### PROVIDED DATA:

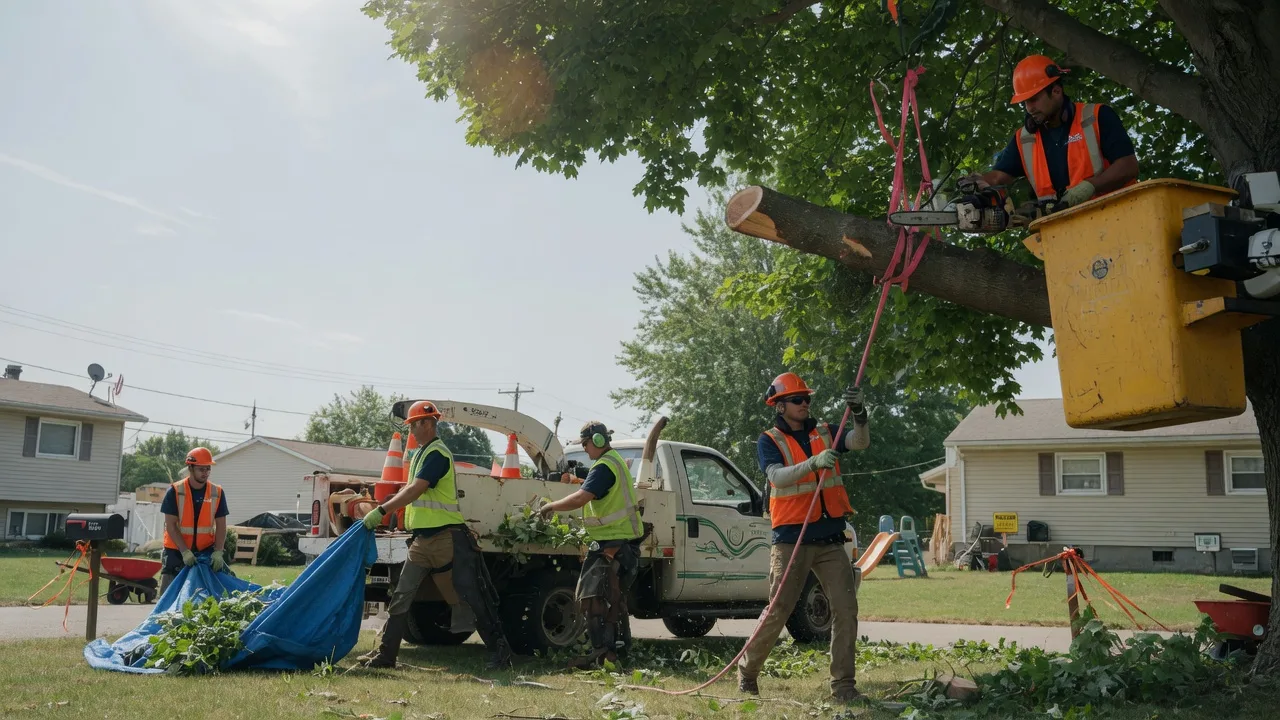Tree Care in Saint James, MN near me
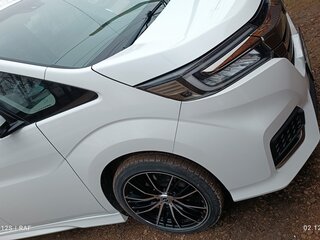 2019 Honda Stepwgn Spada V Рестайлинг, белый, 2250000 рублей, вид 2
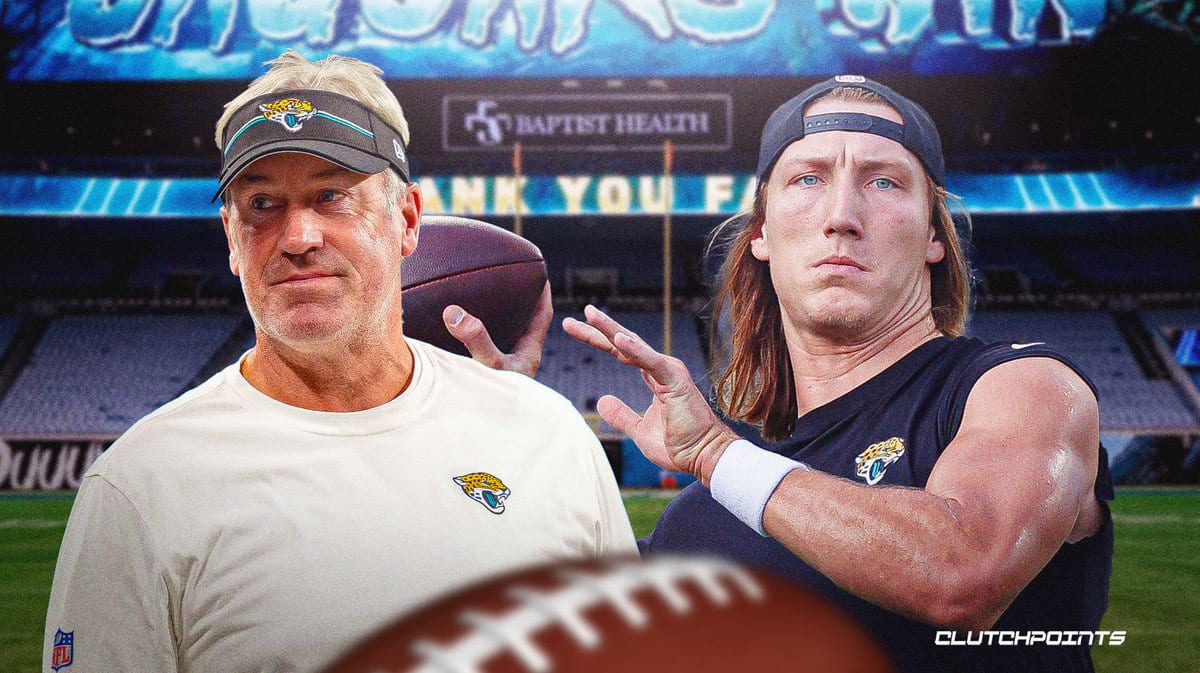 Jacksonville Jaguars head coach Doug Pederson Trevor Lawrence Chiefs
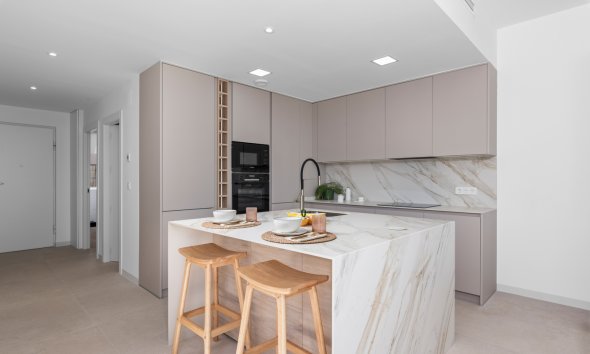 Obra nueva - Villa -
Los Alcázares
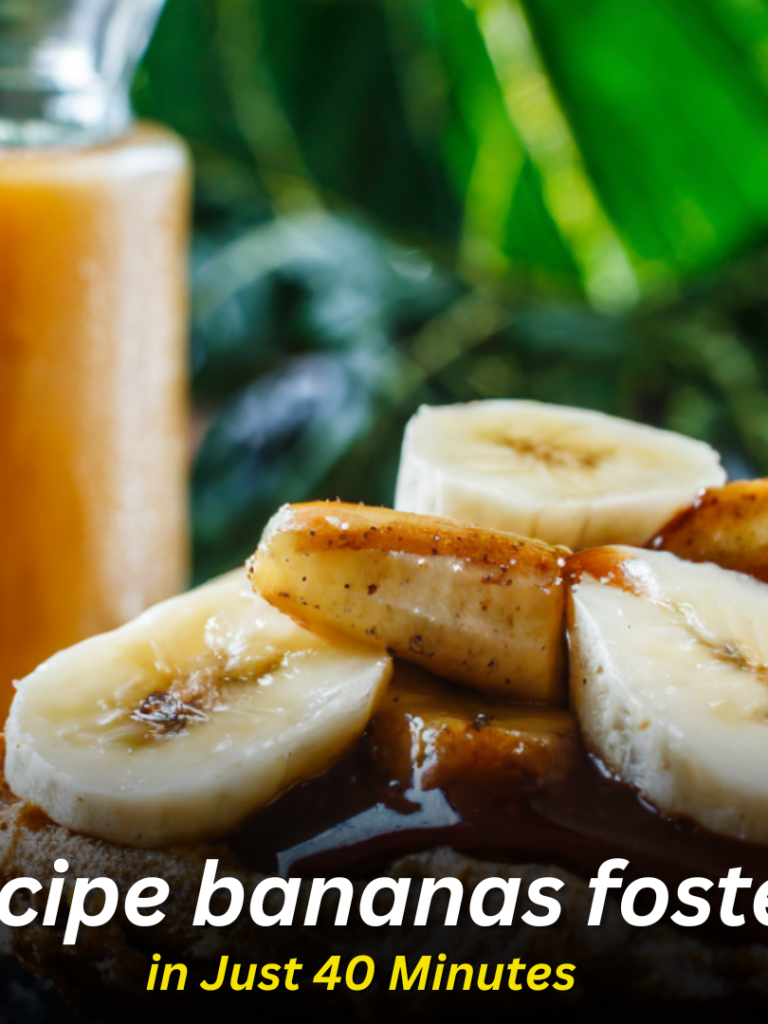 Recipe bananas foster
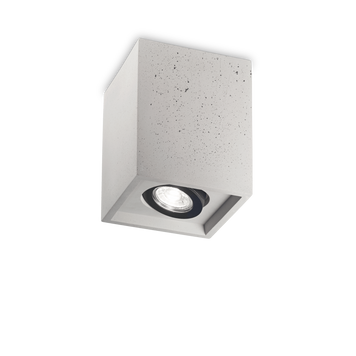 Ideal Lux OAK PL1 SQUARE CONCRETE 150475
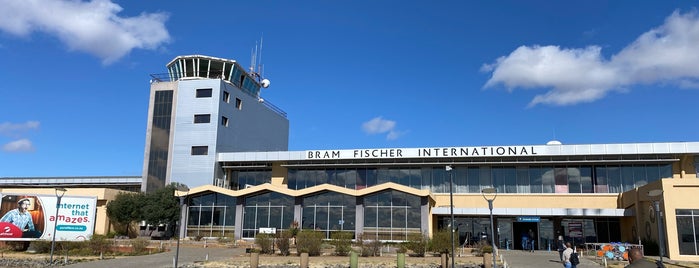 Bram Fischer International Airport (BFN) is one of South Africa Airports.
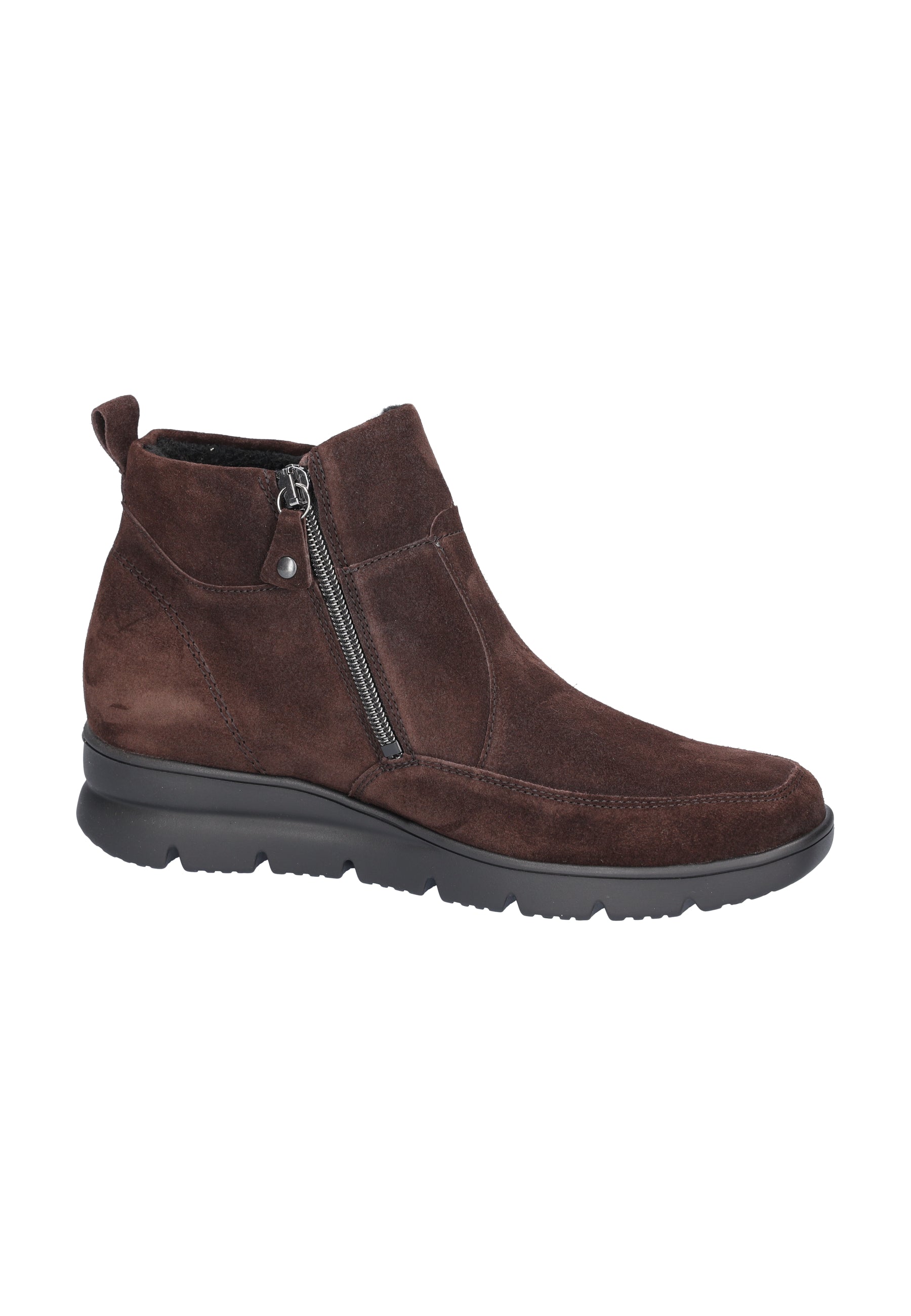 Damen Stiefeletten H-Bruni Braun Weite H 902802-195-216 - Ansicht 4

### EXERCISE REQUIREMENTS:
Your answer must be the records above, word for word, with every picture left out.

### SOLUTION TO THE PROBLEM:
Tree Care in Saint James, MN near me
 2019 Honda Stepwgn Spada V Рестайлинг, белый, 2250000 рублей, вид 2
 Jacksonville Jaguars head coach Doug Pederson Trevor Lawrence Chiefs
 Obra nueva - Villa -
Los Alcázares
 Recipe bananas foster
 Ideal Lux OAK PL1 SQUARE CONCRETE 150475
 Bram Fischer International Airport (BFN) is one of South Africa Airports.
 Damen Stiefeletten H-Bruni Braun Weite H 902802-195-216 - Ansicht 4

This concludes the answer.